Kommentar: Marktereignisse könnten im Sommer zu einer Aufweichung der EZB-Politik führen
Im Herbst 2022 rechneten die Märkte aufgrund von Unterbrechungen der Lieferketten und eines massiven Anstiegs der Gaspreise mit einer Rezession in der Eurozone. Doch zum Jahreswechsel erwies sich das Wachstum aufgrund sinkender Gaspreise und des für die Jahreszeit ungewöhnlich warmen Wetters als widerstandsfähiger als erwartet. „Ich glaube, dass die Europäische Zentralbank (EZB) ihren restriktiven Kurs vorerst beibehalten wird, sehe aber auch Risiken am Horizont, die ab dem Sommer zu einer deutlichen Aufweichung der Geldpolitik führen könnten“, sagt Tomasz Wieladek, europäischer Chefökonom beim Asset Manager T. Rowe Price.
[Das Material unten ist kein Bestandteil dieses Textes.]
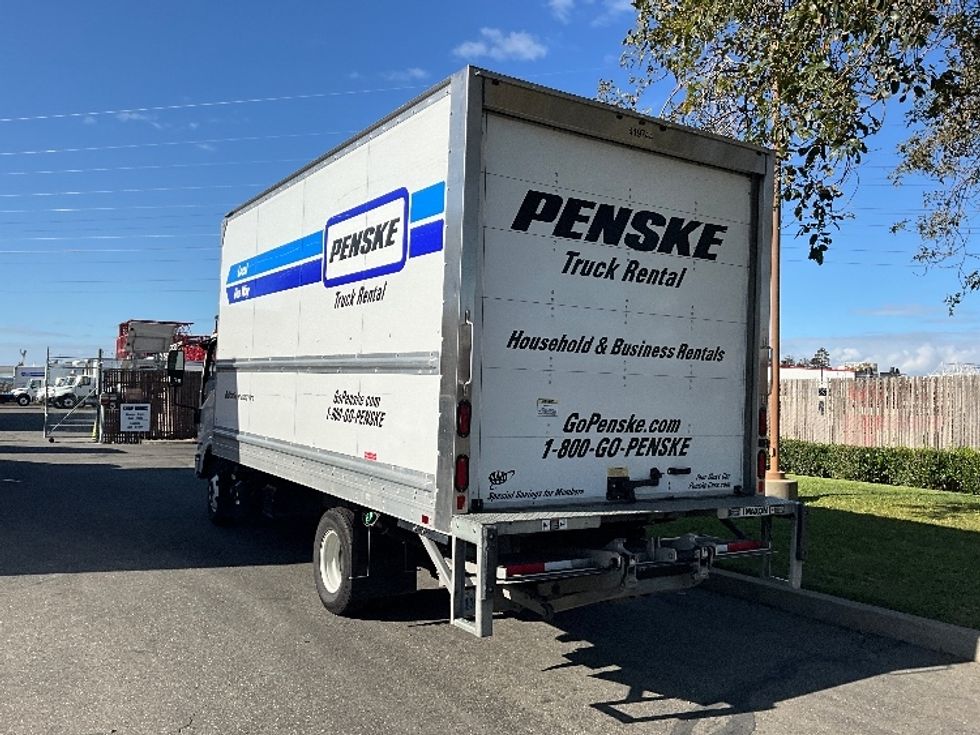 Light Duty Box Truck-Light and Medium Duty Trucks-Isuzu-2022-NPR-West Sacramento-CA-116,466\n\t\tmiles-$ 46,750 - Image 6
In Anbetracht der starken Dynamik des Kern-HVPI (Harmonisierter Verbraucherpreisindex) und des robusten Wachstums werde die EZB wahrscheinlich eine restriktive Haltung einnehmen und ihre Geldpolitik in den nächsten Monaten weiter straffen. Die EZB werde daher nach Einschätzung von Wieladek in nächster Zeit wahrscheinlich ihren restriktiven Kurs fortsetzen, mit einem geschätzten Spitzeneinlagensatz von 3,75 Prozent und der wahrscheinlichen Einstellung aller Reinvestitionen im Rahmen des Programms zum Ankauf von Vermögenswerten (APP) im dritten Quartal 2023.
Es gäbe aber wirtschaftliche Risiken am Horizont, die die EZB dazu bewegen könnten, gegen Mitte des Jahres von ihrem geldpolitischen Kurs abzurücken. Sollte zum Beispiel die derzeitige Bankenkrise in den USA zu einer Rezession in den USA führen, würde die Eurozone aufgrund der schwachen Auslandsnachfrage wahrscheinlich mit einer Verzögerung ebenfalls in eine Rezession geraten.
„Wir halten es für wahrscheinlich, dass sich mindestens eines dieser Szenarien in der zweiten Jahreshälfte herauskristallisieren wird, was die EZB veranlassen könnte, ihren Einlagensatz gegen Ende 2023 oder Anfang 2024 zu senken. Was bedeutet dies für Anlage- und Währungsentscheidungen? Wir gehen davon aus, dass die kurzfristigen Bundrenditen (Schatz) in nächster Zeit steigen werden, da die EZB ihre Geldpolitik weiter strafft. Daher sind wir bei den festverzinslichen Wertpapieren im Allgemeinen untergewichtet und im EUR/USD investiert. Zu Beginn des Sommers, wenn die oben erwähnten Risiken wahrscheinlicher werden, könnten wir versuchen, das Engagement in langfristigen Bundesanleihen zu erhöhen und das Long-Engagement in EUR/USD zu reduzieren“, so der Chefökonom abschließend. (DFPA/TH1)
T. Rowe Price ist ein Asset Manager mit einem verwalteten Vermögen von 1,19 Billionen Euro (Stand: 31. Dezember 2022).